▼

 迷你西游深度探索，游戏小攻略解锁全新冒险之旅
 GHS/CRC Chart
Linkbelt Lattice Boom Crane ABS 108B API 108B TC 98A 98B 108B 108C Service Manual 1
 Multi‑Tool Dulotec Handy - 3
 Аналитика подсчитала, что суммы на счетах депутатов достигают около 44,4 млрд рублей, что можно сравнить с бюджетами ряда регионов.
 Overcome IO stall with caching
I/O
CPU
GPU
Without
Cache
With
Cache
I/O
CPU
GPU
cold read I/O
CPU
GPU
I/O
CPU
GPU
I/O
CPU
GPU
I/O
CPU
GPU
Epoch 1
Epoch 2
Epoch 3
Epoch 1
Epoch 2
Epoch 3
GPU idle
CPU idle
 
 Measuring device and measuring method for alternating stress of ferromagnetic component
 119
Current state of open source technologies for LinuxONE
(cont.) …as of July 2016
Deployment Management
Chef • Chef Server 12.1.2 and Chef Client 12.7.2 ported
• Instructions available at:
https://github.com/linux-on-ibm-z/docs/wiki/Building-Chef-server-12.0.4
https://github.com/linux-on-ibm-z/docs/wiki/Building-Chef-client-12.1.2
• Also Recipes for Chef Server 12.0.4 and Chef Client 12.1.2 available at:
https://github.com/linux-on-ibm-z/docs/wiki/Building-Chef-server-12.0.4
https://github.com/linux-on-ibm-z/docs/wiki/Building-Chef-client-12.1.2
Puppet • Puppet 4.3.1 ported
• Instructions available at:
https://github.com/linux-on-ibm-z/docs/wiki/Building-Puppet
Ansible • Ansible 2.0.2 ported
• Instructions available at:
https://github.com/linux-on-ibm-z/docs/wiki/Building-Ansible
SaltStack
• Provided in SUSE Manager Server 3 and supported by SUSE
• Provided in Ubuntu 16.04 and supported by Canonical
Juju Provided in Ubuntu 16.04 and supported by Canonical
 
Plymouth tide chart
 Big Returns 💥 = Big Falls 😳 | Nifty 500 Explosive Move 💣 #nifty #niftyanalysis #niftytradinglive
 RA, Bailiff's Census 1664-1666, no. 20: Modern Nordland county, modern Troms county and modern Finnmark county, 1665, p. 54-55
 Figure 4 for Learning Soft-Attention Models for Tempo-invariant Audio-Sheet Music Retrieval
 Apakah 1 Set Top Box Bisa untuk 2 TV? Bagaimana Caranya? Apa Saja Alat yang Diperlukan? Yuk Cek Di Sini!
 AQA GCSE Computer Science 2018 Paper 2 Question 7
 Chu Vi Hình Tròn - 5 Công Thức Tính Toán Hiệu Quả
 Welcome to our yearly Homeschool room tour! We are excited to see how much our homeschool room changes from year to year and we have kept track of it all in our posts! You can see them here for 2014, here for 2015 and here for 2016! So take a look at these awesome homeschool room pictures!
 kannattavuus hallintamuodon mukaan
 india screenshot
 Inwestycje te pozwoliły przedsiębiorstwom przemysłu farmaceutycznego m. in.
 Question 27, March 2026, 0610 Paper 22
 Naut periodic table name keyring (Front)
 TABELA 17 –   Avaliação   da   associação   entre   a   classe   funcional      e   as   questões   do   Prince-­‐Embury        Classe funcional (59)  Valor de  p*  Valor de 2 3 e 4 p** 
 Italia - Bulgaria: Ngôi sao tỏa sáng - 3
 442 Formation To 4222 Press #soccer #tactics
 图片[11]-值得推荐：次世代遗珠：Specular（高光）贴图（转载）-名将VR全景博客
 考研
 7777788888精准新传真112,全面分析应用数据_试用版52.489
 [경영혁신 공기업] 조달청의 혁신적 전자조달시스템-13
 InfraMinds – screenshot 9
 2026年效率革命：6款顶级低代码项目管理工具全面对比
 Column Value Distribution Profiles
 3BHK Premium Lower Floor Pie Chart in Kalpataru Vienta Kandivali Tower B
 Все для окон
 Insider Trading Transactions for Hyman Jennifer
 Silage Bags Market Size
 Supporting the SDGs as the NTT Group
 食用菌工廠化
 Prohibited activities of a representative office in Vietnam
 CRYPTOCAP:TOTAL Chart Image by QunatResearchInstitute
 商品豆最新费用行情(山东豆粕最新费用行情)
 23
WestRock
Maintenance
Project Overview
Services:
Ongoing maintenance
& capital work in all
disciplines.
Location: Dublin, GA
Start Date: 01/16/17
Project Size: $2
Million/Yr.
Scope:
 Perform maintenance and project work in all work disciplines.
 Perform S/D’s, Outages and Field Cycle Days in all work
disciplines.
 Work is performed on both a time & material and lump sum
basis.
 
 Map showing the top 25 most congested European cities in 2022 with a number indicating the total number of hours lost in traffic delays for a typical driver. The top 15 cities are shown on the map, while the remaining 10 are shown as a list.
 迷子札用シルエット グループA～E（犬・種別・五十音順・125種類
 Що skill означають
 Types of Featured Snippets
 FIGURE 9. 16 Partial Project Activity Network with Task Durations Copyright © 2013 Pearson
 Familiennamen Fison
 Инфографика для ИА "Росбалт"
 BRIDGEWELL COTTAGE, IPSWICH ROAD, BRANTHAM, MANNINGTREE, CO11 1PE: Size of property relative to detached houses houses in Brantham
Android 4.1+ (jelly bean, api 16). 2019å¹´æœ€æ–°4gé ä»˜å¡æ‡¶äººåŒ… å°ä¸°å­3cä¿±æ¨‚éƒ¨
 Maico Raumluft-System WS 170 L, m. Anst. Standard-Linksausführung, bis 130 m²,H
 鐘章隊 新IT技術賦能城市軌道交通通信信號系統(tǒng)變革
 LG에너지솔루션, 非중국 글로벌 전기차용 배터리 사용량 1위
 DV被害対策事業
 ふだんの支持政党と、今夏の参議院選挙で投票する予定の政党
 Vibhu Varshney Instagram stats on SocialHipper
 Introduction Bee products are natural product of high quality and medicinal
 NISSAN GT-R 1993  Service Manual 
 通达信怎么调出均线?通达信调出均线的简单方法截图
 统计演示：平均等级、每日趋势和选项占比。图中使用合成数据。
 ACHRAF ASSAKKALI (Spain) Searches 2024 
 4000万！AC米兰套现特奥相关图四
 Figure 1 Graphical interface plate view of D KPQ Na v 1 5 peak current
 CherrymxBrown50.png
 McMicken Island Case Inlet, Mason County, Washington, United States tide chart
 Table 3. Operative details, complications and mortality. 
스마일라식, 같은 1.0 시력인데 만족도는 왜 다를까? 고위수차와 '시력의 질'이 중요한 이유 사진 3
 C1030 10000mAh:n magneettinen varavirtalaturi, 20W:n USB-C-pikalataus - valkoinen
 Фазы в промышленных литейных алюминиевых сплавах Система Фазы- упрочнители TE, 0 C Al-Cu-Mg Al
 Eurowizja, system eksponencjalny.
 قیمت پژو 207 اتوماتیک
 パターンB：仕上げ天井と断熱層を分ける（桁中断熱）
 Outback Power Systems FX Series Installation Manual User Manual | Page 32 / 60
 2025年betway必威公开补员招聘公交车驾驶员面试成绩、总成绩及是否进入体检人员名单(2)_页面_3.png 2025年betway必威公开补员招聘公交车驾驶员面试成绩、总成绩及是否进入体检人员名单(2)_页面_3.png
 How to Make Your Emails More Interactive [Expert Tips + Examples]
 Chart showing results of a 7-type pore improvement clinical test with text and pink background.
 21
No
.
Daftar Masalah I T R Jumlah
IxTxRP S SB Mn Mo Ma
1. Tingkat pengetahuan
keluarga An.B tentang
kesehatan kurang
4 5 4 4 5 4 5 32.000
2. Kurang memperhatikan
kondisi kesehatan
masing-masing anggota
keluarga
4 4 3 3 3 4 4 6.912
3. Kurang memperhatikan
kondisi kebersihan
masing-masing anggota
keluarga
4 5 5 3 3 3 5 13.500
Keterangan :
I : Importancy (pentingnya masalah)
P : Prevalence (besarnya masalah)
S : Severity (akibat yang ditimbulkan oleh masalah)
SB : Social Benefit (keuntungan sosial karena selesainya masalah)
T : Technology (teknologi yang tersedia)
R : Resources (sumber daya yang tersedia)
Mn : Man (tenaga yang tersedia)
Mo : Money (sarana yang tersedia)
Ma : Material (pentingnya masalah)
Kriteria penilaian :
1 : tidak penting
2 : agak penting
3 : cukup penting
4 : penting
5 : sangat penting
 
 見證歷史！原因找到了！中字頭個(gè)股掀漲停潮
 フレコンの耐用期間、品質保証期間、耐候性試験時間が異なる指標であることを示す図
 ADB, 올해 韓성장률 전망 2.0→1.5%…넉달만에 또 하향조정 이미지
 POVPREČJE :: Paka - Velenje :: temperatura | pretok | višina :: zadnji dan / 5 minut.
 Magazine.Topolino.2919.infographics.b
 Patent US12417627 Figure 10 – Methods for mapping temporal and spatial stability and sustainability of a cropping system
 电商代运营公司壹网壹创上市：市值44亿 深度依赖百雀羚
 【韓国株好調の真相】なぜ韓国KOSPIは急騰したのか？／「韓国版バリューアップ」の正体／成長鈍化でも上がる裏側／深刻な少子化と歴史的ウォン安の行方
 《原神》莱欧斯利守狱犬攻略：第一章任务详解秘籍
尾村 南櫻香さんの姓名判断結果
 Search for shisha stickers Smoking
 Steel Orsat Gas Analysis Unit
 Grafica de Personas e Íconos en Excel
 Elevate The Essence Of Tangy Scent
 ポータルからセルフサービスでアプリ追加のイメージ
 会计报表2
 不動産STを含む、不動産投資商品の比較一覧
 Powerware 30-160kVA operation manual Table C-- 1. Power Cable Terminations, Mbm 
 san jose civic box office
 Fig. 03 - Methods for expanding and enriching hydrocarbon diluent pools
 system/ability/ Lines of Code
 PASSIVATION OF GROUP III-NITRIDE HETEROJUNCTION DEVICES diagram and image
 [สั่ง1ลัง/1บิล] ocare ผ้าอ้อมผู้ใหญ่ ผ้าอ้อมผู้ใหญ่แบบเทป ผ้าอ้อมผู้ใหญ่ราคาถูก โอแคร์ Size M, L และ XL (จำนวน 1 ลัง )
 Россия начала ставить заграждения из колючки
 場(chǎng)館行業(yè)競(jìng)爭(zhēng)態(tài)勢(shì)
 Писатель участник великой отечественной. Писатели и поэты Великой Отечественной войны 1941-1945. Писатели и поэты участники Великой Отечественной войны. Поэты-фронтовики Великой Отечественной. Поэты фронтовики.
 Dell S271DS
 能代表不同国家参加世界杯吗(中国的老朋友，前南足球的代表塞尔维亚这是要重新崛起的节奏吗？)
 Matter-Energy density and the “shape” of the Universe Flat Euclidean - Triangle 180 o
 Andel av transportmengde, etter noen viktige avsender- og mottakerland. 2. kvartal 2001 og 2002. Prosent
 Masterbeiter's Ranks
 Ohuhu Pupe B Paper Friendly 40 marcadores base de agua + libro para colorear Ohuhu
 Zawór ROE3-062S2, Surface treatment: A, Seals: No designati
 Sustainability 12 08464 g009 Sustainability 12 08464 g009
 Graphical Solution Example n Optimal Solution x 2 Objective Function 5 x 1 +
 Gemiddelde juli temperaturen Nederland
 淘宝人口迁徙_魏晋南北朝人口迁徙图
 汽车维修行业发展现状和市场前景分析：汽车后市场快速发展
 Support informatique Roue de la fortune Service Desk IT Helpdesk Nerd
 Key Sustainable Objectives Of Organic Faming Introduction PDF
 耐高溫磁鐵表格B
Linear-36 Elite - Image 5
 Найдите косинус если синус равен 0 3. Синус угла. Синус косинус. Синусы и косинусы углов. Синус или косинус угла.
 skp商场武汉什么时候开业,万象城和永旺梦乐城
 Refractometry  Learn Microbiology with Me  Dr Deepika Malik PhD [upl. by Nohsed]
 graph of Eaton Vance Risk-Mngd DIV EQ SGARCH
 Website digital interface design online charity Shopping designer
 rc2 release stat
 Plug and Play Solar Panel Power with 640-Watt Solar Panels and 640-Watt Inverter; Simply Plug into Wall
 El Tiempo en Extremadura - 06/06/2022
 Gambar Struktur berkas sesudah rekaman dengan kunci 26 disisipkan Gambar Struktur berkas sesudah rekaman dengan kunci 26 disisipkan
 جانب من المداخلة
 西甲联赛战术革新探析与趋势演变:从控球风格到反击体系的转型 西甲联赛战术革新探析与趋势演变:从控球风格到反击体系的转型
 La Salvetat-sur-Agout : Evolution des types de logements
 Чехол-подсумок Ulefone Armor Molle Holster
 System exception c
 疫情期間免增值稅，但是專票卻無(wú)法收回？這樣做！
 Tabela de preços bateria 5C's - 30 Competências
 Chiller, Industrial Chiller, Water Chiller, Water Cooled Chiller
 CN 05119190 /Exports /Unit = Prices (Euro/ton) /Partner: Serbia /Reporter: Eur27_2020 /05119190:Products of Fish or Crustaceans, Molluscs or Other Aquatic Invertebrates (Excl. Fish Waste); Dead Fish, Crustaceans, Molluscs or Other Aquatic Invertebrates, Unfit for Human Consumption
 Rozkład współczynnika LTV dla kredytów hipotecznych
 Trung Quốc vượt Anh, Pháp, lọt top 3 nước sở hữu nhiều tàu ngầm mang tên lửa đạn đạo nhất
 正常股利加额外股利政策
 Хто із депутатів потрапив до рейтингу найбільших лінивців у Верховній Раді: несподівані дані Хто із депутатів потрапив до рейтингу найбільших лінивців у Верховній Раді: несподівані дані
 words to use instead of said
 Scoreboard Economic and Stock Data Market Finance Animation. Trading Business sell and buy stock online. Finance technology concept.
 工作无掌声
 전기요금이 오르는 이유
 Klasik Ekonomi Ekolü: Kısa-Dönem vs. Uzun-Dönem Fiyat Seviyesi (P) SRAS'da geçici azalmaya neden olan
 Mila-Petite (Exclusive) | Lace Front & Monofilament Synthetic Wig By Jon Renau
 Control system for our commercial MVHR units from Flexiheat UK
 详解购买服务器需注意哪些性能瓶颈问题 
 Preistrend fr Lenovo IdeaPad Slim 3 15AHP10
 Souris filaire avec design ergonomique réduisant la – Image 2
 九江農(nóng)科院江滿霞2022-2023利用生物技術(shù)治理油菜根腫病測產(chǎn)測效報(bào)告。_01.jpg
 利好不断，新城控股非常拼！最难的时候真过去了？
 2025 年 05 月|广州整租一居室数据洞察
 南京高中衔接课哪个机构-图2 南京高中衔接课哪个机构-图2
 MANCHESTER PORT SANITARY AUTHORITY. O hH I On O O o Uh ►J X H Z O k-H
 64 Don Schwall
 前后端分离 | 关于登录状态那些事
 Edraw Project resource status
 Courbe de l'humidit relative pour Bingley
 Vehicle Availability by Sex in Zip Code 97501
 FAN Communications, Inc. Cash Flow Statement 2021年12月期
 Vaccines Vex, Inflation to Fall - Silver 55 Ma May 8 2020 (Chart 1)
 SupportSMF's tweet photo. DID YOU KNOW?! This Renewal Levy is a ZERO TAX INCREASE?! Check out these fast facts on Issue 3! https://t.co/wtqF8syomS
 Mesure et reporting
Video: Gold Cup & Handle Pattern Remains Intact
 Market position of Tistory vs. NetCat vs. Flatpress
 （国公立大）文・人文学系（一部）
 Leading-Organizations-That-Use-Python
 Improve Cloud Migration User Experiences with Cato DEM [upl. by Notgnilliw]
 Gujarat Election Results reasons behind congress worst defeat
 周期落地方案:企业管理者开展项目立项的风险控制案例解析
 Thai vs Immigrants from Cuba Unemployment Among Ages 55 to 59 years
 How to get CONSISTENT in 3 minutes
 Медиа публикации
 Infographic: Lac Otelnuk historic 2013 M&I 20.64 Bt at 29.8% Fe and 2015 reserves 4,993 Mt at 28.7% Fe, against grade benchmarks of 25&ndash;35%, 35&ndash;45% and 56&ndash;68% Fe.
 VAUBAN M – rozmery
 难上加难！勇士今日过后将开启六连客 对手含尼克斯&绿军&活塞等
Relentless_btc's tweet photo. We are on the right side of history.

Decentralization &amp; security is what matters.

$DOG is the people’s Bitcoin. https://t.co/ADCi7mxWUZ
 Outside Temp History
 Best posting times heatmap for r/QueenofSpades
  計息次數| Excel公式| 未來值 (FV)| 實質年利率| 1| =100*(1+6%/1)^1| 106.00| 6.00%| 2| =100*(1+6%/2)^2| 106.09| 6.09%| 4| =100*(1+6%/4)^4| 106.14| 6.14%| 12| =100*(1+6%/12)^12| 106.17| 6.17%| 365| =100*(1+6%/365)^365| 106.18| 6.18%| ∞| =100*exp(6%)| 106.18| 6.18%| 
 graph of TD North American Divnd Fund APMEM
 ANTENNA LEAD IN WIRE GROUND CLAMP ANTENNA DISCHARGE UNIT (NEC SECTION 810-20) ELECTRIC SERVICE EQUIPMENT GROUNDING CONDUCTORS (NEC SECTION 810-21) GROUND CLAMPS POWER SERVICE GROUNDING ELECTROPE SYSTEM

▲

◆ Exercise description: Whenever the string "Code" turns up in a line above, copy that line out.

◆ Exercise output:
 system/ability/ Lines of Code
 Vehicle Availability by Sex in Zip Code 97501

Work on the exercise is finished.